Data to use.
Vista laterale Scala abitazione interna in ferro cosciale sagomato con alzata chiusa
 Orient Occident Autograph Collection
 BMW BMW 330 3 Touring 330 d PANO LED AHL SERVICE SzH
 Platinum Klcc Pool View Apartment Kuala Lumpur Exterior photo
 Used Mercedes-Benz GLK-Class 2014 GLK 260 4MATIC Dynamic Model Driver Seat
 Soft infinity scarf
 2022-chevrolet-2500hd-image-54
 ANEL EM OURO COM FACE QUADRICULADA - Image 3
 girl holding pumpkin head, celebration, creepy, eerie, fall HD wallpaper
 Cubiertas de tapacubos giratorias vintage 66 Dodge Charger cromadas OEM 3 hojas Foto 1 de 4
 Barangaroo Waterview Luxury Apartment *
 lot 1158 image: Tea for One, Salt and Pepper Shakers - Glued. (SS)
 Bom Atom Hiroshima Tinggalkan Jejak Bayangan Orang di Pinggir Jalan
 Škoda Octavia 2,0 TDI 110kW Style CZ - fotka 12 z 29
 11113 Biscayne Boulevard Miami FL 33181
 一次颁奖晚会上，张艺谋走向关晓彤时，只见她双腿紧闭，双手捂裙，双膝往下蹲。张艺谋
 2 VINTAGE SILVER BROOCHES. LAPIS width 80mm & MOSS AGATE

Exercise requirements. From the line holding "Soft infinity scarf" through the last line above, reproduce each line exactly and add nothing.

Answer space.
 Soft infinity scarf
 2022-chevrolet-2500hd-image-54
 ANEL EM OURO COM FACE QUADRICULADA - Image 3
 girl holding pumpkin head, celebration, creepy, eerie, fall HD wallpaper
 Cubiertas de tapacubos giratorias vintage 66 Dodge Charger cromadas OEM 3 hojas Foto 1 de 4
 Barangaroo Waterview Luxury Apartment *
 lot 1158 image: Tea for One, Salt and Pepper Shakers - Glued. (SS)
 Bom Atom Hiroshima Tinggalkan Jejak Bayangan Orang di Pinggir Jalan
 Škoda Octavia 2,0 TDI 110kW Style CZ - fotka 12 z 29
 11113 Biscayne Boulevard Miami FL 33181
 一次颁奖晚会上，张艺谋走向关晓彤时，只见她双腿紧闭，双手捂裙，双膝往下蹲。张艺谋
 2 VINTAGE SILVER BROOCHES. LAPIS width 80mm & MOSS AGATE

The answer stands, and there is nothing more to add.